Money bag with the word SPAC - Special purpose acquisition company. Simplified listing of company, merger bypassing stock exchange IPO. Assessment of benefits and risks of investments

Andrii Yalanskyi

Rumble plans to close the SPAC deal with CF Acquisition Corp. VI (NASDAQ:NASDAQ:CFVI) next week via a shareholder vote. The proclaimed neutral video platform competing with YouTube, owned by Alphabet (GOOG, GOOGL), remains a work in progress. My investment thesis is Neutral on the stock until the SPAC deal closes and the financials are more visible with a likely discount to occur typical of most SPACs.

Deal Closure

In December 2021, Rumble announced a definitive business combination agreement with CF Acquisition Corp. VI. Shareholders must approve the deal on a vote scheduled to close on September 15.

SPACs have recently faced a difficult period of getting retail shareholders to vote. Digital World (DWAC) has failed to obtain the necessary shareholder approval to extend the deal to acquire Trump Media & Technology Group. The retail investors are effectively cutting the share price in half with shareholders set for the $10 payout on the $20 stock.

With CF Acquisition trading at $12, investors shouldn’t vote to redeem shares considering the redemption only offers a $10 cash return. The closing of the SPAC deal offers Rumble ~$400 million in net cash to invest in the future via $300 million held in the Trust Account and $100 million via the Pipe. As with most SPACs, a big key is raising funds at the $10 level from the SPAC and the PIPE deal versus ones with high redemption levels ending up have to raise funds at lower stock prices.

The stock will have 261 million diluted shares plus the warrants, and earn-out shares.
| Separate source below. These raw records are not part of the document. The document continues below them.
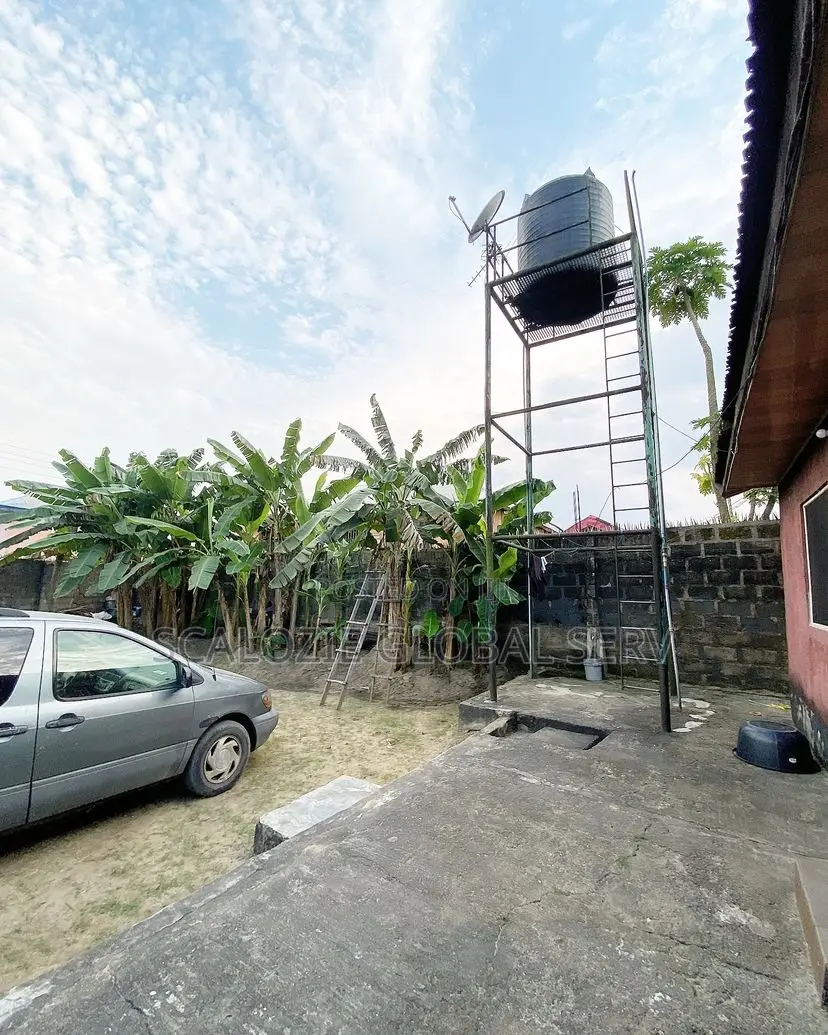 5bdrm Bungalow in Palm Avenue, Port-Harcourt for sale
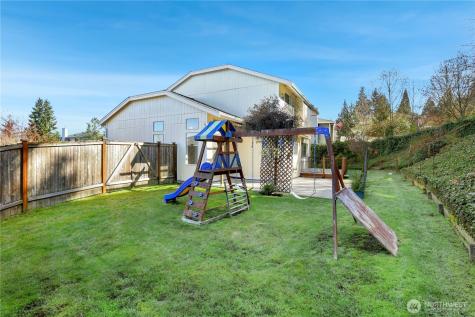 3814 Crystal Ridge Drive SE Puyallup WA 98372
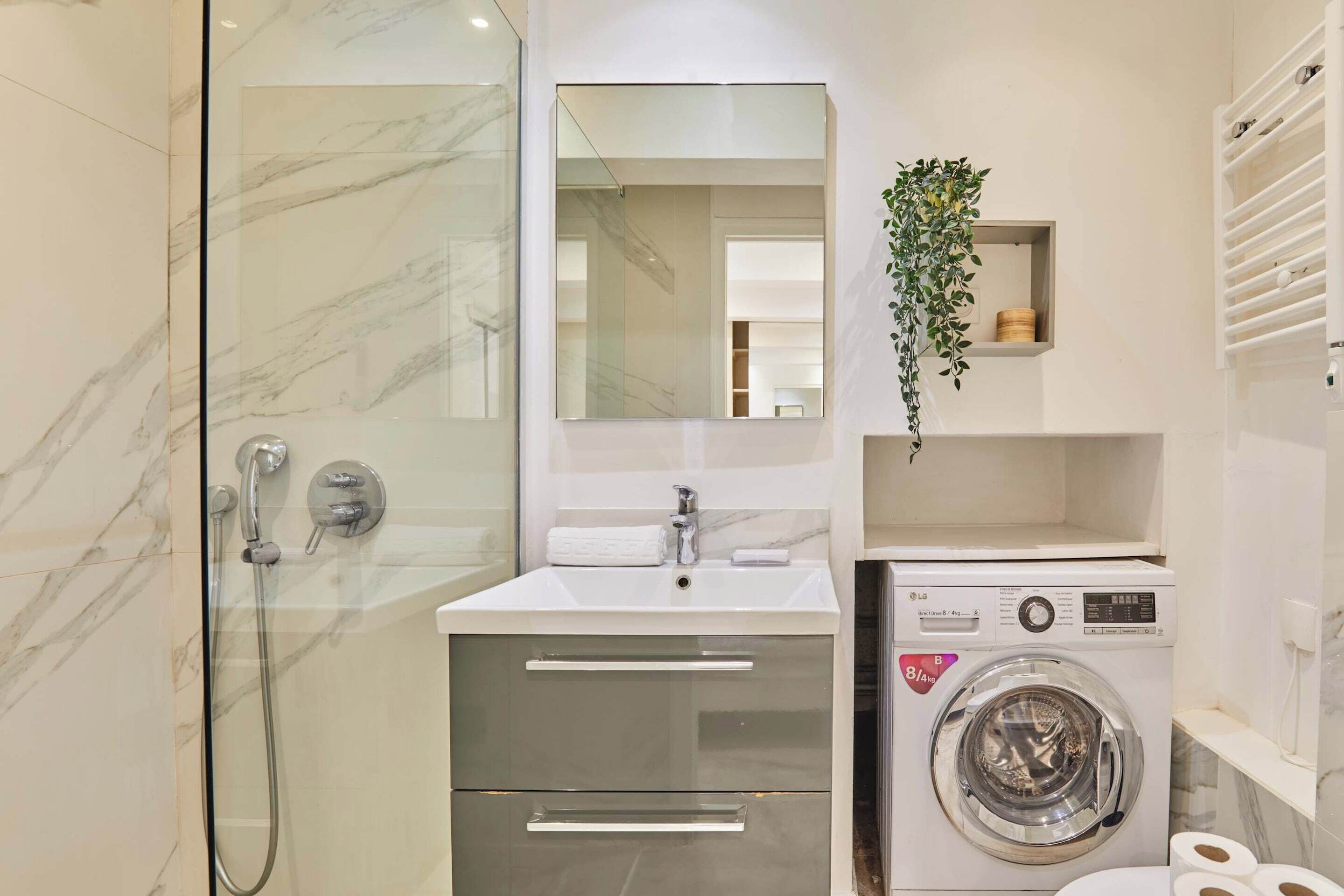 Apartment | Bathroom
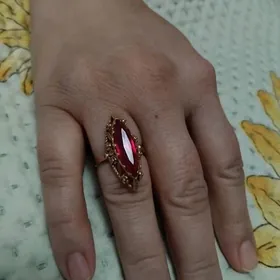 gyzyl  lotga ÿùzùk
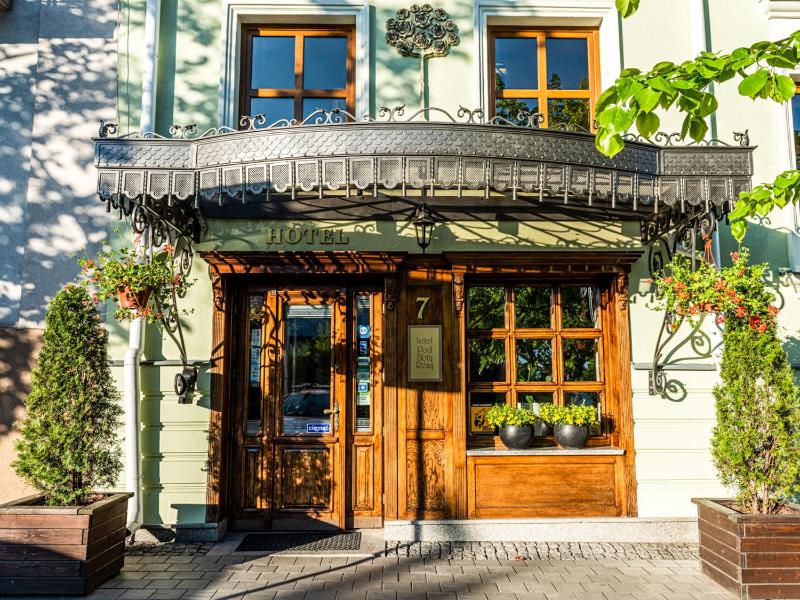 Hotel Pod Złotą Różą - image 10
The fully diluted share count could end up higher based on warrants exercisable at $11.50 per share and earn-out shares not redeemable until at least $15.00.

Missing Financials

A big key to where the stock trades following the approval of the SPAC deal are the actual financials. Rumble is still in the startup phase and the public market isn’t very forgiving of money losing stocks right now.
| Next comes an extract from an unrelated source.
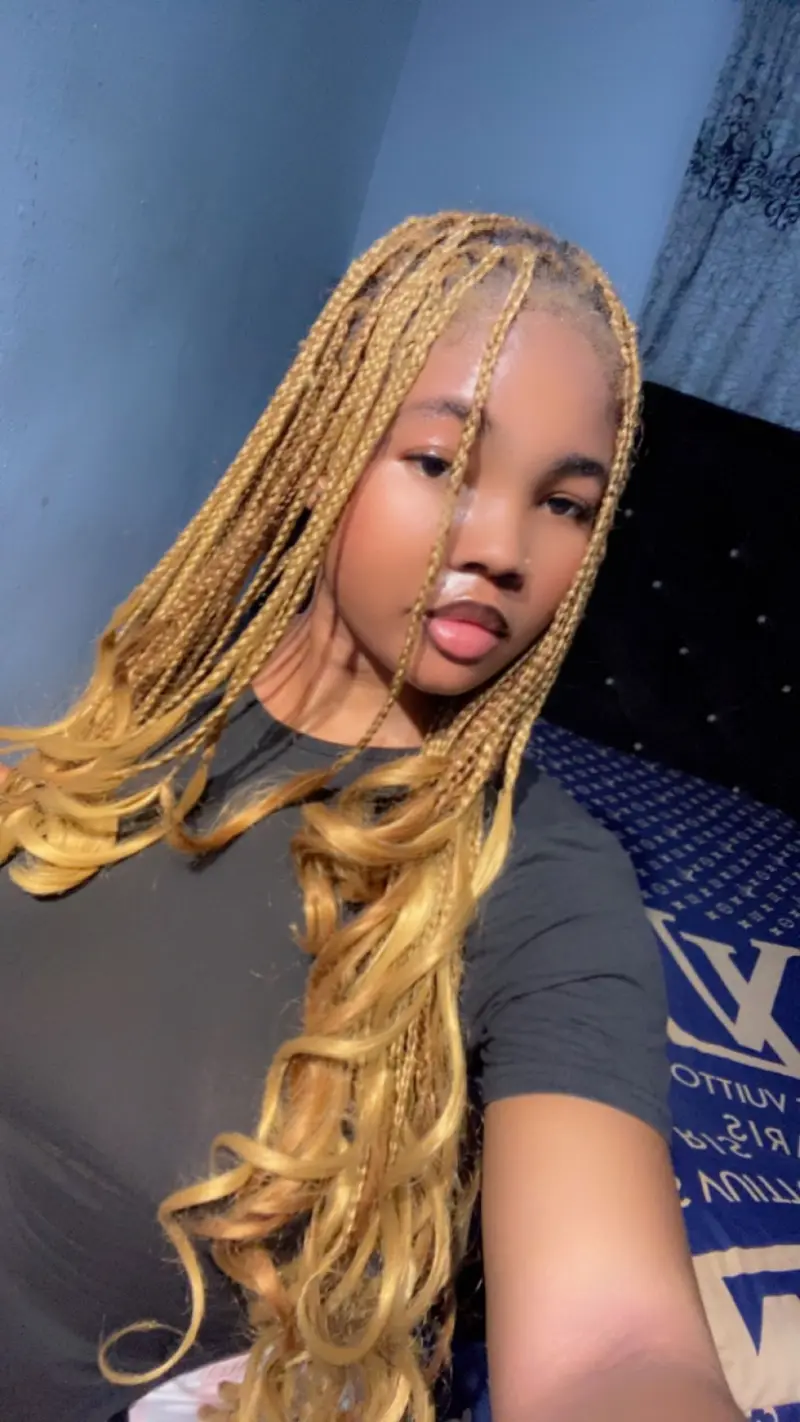 Rare1545 (25) female from GB - sexting partner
The online video service reported August monthly active users (MAUs) jumped to 78 million in August. The key US & Canada number was 63 million for 103% YoY growth with huge growth from the younger Gen Z age group.

The Q2’22 MAUs were only 44 million. Users uploaded 8,948 video hours per day, representing 283% growth and Rumble only reported 36 million MAUs for Q3’21 when the SPAC was announced. The online video platform clearly doesn’t have any issues with growing the base of content creators and users.
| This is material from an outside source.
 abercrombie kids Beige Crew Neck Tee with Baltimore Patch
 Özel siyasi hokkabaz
Rumble continues growth mode, but the stock market has to understand that only a couple of weeks ago the company launched their Rumble Ads platform. The platform will take years to fully monetize users similar to other social media platforms where ARPUs in the $1 range are still common.

The new subscription platform business is promising, but Locals only created $7.5 million in transactions during Q2’22. Locals provides a unique platform allowing creators to sell access to movies and other content on an individual basis.

Rumble hasn’t reported Q2’22 financials. The company reported Q1 revenues of only $4.0 million with a minimal gross profit of $0.5 million.

Income statement

Source: Rumble S-4 filing

Building out these platforms come at high costs and investors are likely to have sticker shock when seeing the limited revenue growth in relation to users and expenses. If anything, the higher MAUs boost costs and the company isn’t fully monetizing these users.

In the private market, VC investors would fully fund these losses realizing the surging user base could turn into a very profitable business in a few years. In the public market, investors aren’t so long term thinking without direct access to the management team and more updated financials.

The stock is likely to struggle with revenues sitting far below $50 million and the stock market cap at $3.1 billion. The valuation just won’t attract investors with the additional risk of whether Rumble will raise enough cash, as $400 million is pocket change in the social media and online video sector.

Takeaway

The key investor takeaway is that once the dust settles, the stock could become very appealing at lower prices with what could turn into a very valuable user base. Rumble just isn’t ready for prime time yet and updated financials could shock public investors with the meager numbers and likely mounting losses.